# B7100 leaking fuel pretty fast



## 725franky (Dec 4, 2007)

Hi, I have a Kubota B7100 that is leaking fuel out of the top of the injection pump... Actually, there are three lines that come out the top of the pump and it seems to be leaking from between the fittings that the lines are connected to and the pump itself. Any suggestions?

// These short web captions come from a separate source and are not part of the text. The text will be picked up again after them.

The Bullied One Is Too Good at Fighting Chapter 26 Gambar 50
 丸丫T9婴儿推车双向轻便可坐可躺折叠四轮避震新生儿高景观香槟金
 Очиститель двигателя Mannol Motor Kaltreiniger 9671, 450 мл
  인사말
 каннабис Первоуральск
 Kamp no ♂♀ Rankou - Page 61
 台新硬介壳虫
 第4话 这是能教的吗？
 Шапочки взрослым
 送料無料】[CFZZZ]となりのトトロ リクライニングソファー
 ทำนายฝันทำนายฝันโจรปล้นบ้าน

It seems that this problem just started and they aren't loose. I tried tightening them today and they are quite tight.

Thanks,

Frank


----------



## Hoodoo Valley (Nov 14, 2006)

No idea at all about the leaking, but wanted to welcome you here.


----------



## 725franky (Dec 4, 2007)

Thanks for the welcome.


I think I may have figured out whats leaking. There is an o-ring on the fitting / valve that is on top of the injection pump & that's what I think is leaking. No I just have to figure out where to get the o-rings.


----------



## sparkyz68 (Jun 7, 2010)

*O-Ring*

Just make sure the o-ring you get is approved for use with fuel. If it is not, the fuel will disintegrate the o-ring.


----------



## L185driver (May 24, 2018)

Your problem does not tell me if the leak is at line connection, or the pump housing.
The pressure from pump is quite high, the housing could have fatigued, at the metal granular level


----------



## thepumpguysc (Jan 25, 2015)

That thread is over 8 yrs old.. he probably has it fixed by now?? lol


----------